### Task brief
Please copy the data below exactly; none of the pictures in it belong in the copy.

### The data
____________
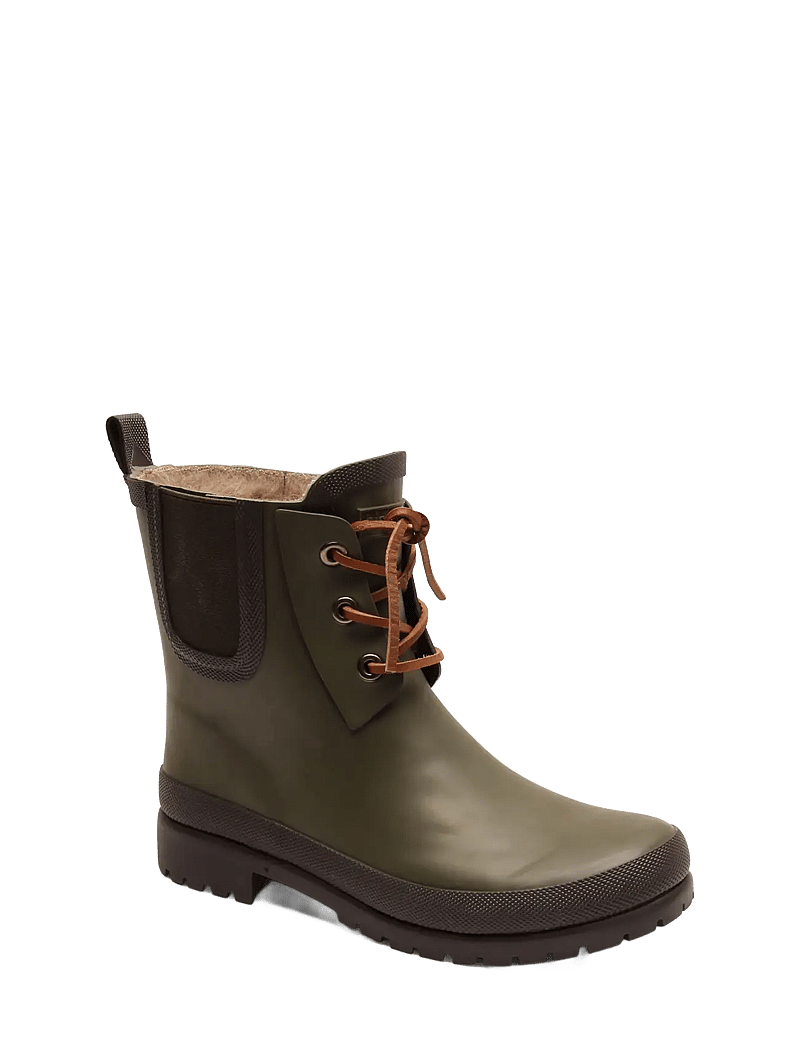 Bisgaard - bisgaard rain wool - lined rubberboots - green - 1
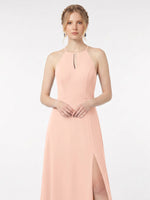 Chiffon Bridesmaid Dress with Halter 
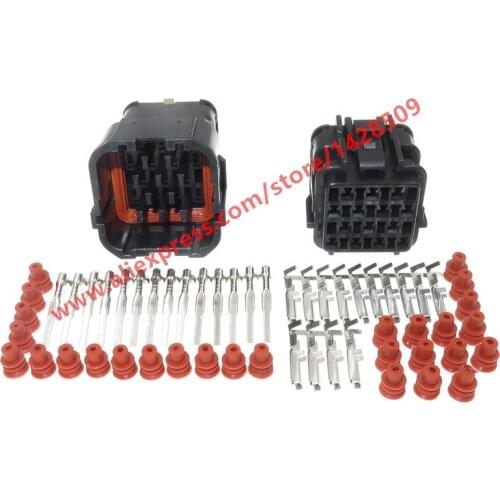 5 Sets 14 Pin Male Female Waterproof Electrical Terminal Auto Connector Sealed Plugs MG640352 MG610350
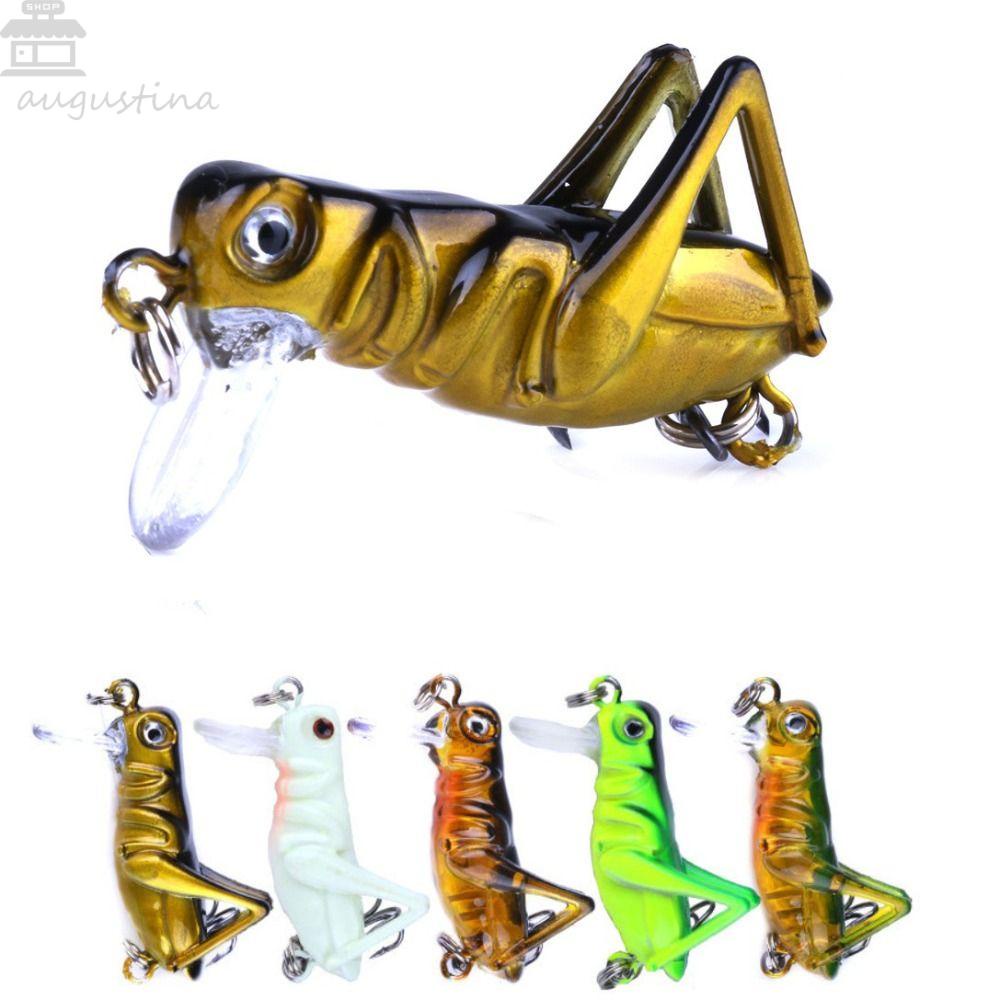 Umpan Serangga Belalang Agustina Memancing Air Tawar Manusia Hidup Terbang Jig Wobbler Umpan Pancing Luminous Dengan10 # Hooks Flying Lure/Umpan Terbang
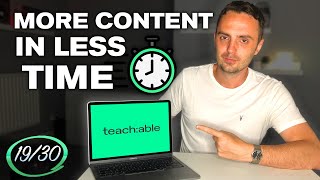 Teachable Build Your Online Course Business  Master Your Content Marketing  Part 19 [upl. by Neehs]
____________
### Response to the task
 Bisgaard - bisgaard rain wool - lined rubberboots - green - 1
 Chiffon Bridesmaid Dress with Halter 
 5 Sets 14 Pin Male Female Waterproof Electrical Terminal Auto Connector Sealed Plugs MG640352 MG610350
 Umpan Serangga Belalang Agustina Memancing Air Tawar Manusia Hidup Terbang Jig Wobbler Umpan Pancing Luminous Dengan10 # Hooks Flying Lure/Umpan Terbang
 Teachable Build Your Online Course Business  Master Your Content Marketing  Part 19 [upl. by Neehs]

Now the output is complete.